Excluding pictures, what does the listing below contain from the line with "2-sitzer-sofa Marcus Sparta" up to and including the line with "Vista 2 de Epson", word for word?

* **EXTRACTED DATA**

◆ ◆ ◆ ◆ ◆

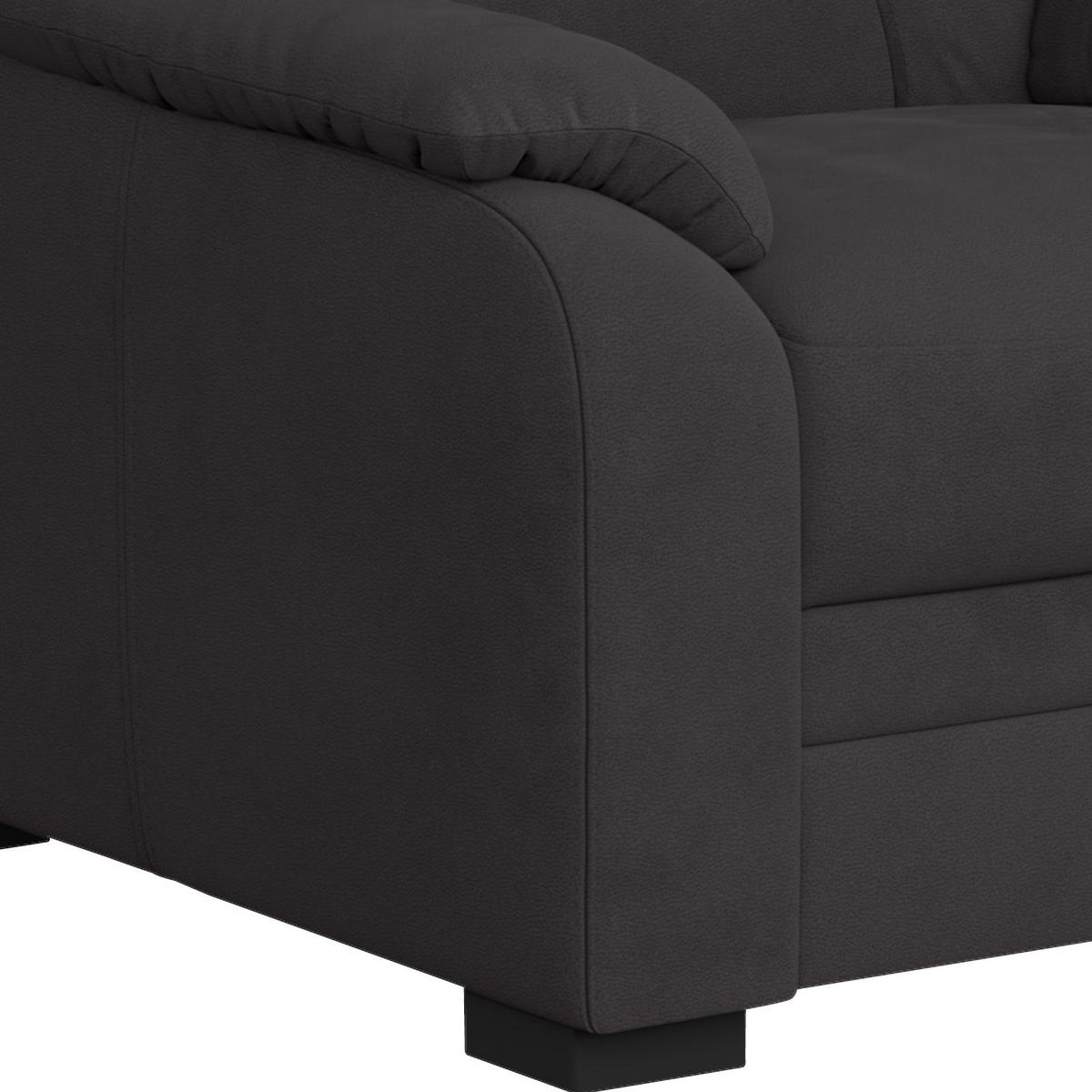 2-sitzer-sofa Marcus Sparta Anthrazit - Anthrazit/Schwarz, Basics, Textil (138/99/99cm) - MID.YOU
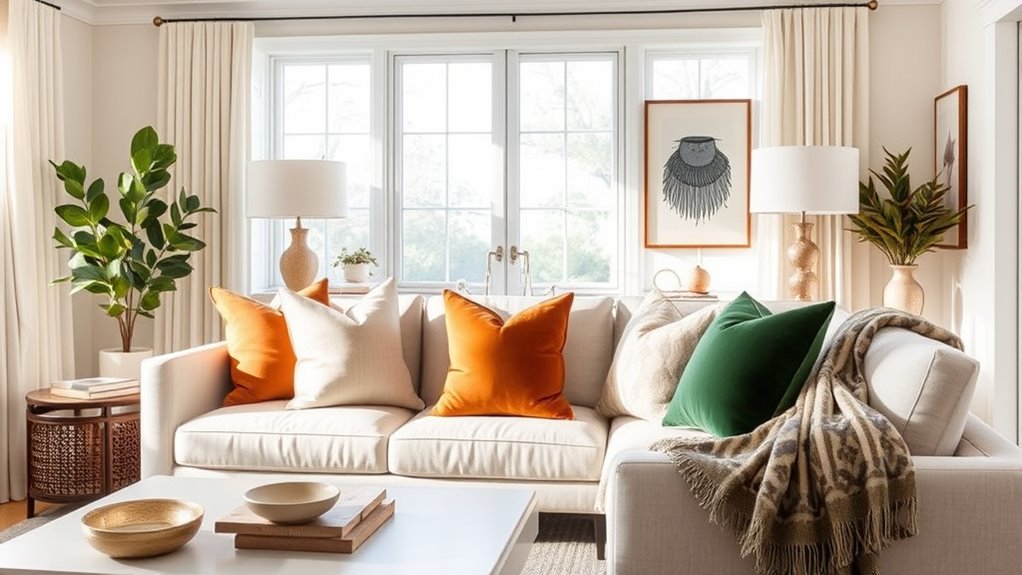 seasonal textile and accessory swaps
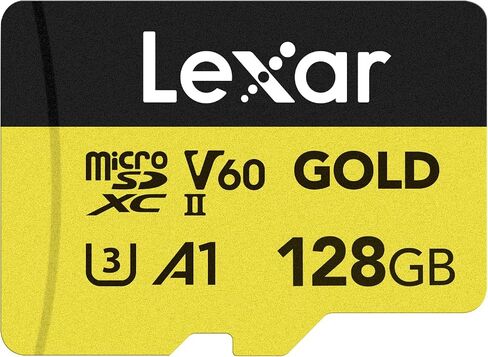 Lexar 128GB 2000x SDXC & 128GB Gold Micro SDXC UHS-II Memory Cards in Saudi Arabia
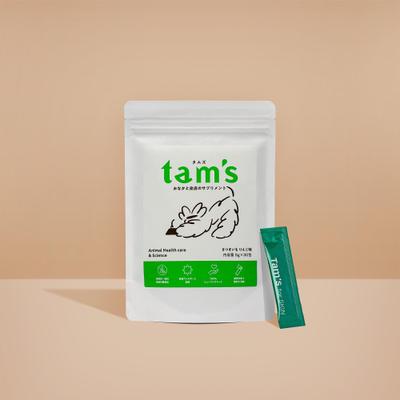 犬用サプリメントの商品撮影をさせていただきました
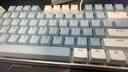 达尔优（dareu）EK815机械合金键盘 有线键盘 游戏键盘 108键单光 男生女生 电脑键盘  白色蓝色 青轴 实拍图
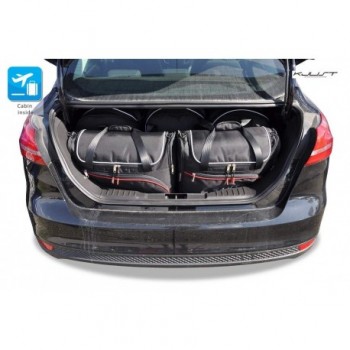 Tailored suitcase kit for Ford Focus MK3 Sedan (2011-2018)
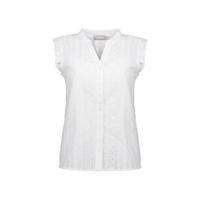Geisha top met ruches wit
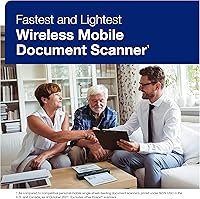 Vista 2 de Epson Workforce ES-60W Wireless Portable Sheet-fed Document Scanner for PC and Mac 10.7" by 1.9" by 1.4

◆ ◆ ◆ ◆ ◆

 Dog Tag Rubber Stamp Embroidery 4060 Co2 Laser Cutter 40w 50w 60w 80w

◆ ◆ ◆ ◆ ◆

* **FINISHED TASK**
 2-sitzer-sofa Marcus Sparta Anthrazit - Anthrazit/Schwarz, Basics, Textil (138/99/99cm) - MID.YOU
 seasonal textile and accessory swaps
 Lexar 128GB 2000x SDXC & 128GB Gold Micro SDXC UHS-II Memory Cards in Saudi Arabia
 犬用サプリメントの商品撮影をさせていただきました
 达尔优（dareu）EK815机械合金键盘 有线键盘 游戏键盘 108键单光 男生女生 电脑键盘  白色蓝色 青轴 实拍图
 Tailored suitcase kit for Ford Focus MK3 Sedan (2011-2018)
Geisha top met ruches wit
 Vista 2 de Epson Workforce ES-60W Wireless Portable Sheet-fed Document Scanner for PC and Mac 10.7" by 1.9" by 1.4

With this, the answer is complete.